All together the four companies secured US$572,739 from eight investors based in Russia, Australia, Dubai, Oman and South Africa, and the proceeds raised through the fraudulent shares were laundered through an organised crime ring in the Philippines.
Further evidence uncovered that all four companies demonstrated a lack of transparency, they were specifically incorporated to operate a fraudulent investment scheme and all four operated with a lack of commercial probity having failed to file accounts or provide accounting records to investigators.
The court also heard that there was evidence that all four companies were closely connected. They all shared a common director, David Martyn, as well as a company secretary, Geoffrey Dixon.
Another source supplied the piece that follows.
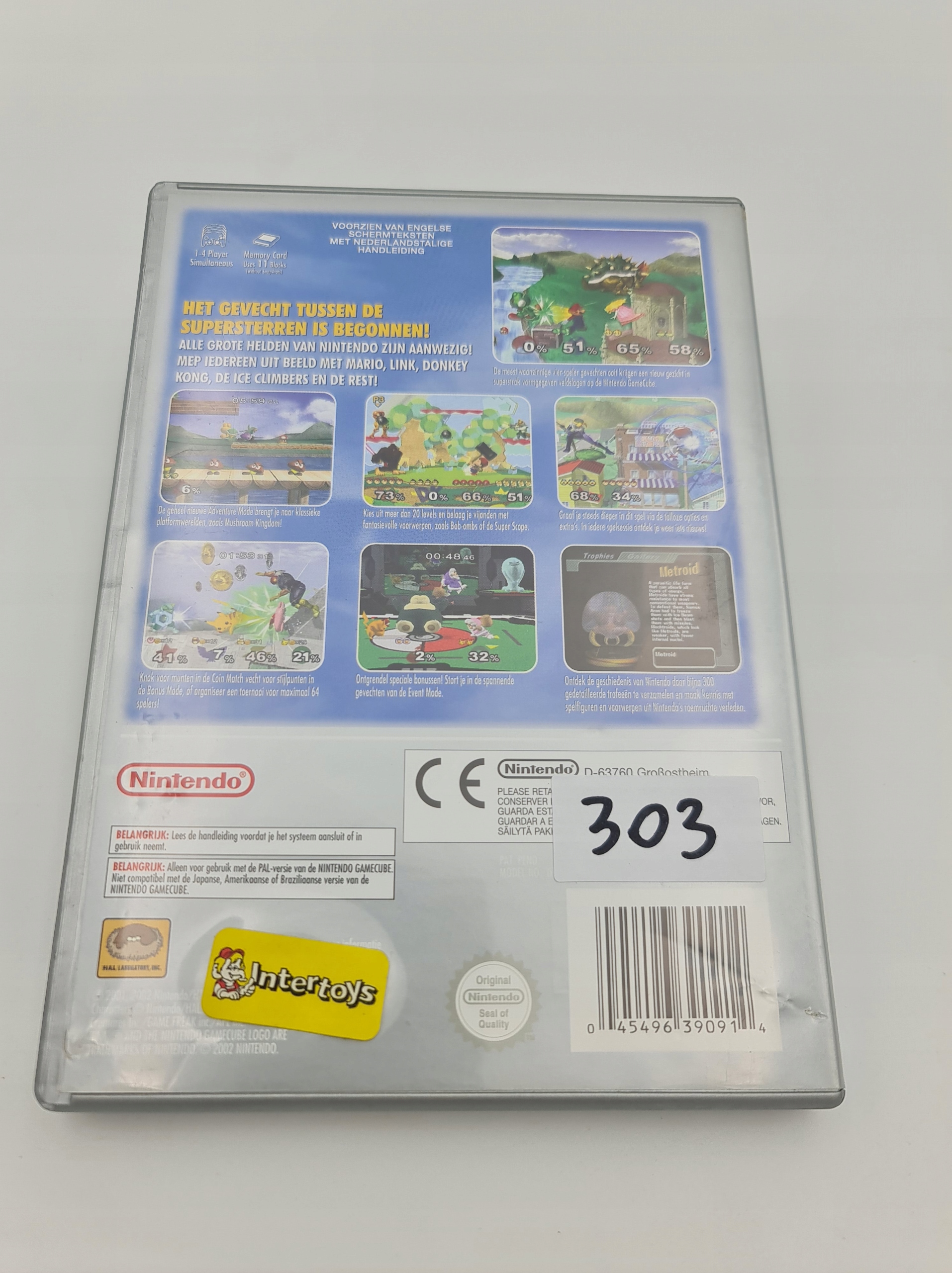 NINTENDO GAMECUBE SUPER SMASH BROS MELEE Platforma Nintendo GameCube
And while Barry Rosen was listed as the actual owner of the companies, investigators determined that he was a patsy for another person – David Gilinsky.
Investigators confirmed that Barry Rosen was already known to the police, having been arrested by the Philippines National Police in August 2018 in relation to alleged instances of transnational online fraud and wider investigations into organised crime syndicates operating in Manila.
The crime syndicates carried out boiler room frauds, which use high pressure sales techniques and cold calling people in order to solicit them to invest in questionable share schemes, and specifically targeted expatriates by misrepresenting themselves as stock brokers.
"Throughout our investigations it was plain to see that the companies lacked any sort of transparency and when we tried to engage with the directors there was a total failure to co-operate," said David Hill, chief investigator for the Insolvency Service.
"Our evidence shows that the four companies were part of a wider scheme to target genuine investors and we are pleased with the court’s decision to shut down these companies, seriously curtailing their opportunities to harm anyone else."
The court was informed at the hearing of the petition that investigations into the four companies have been conducted in various locations and jurisdictions. Warnings had been issued by the Financial Conduct Authority, Australian Securities and Investments Commission, Japanese Financial Services Authority, New Zealand Markets Authority and Luxembourg’s Commission de Surveillance de Secture Financier.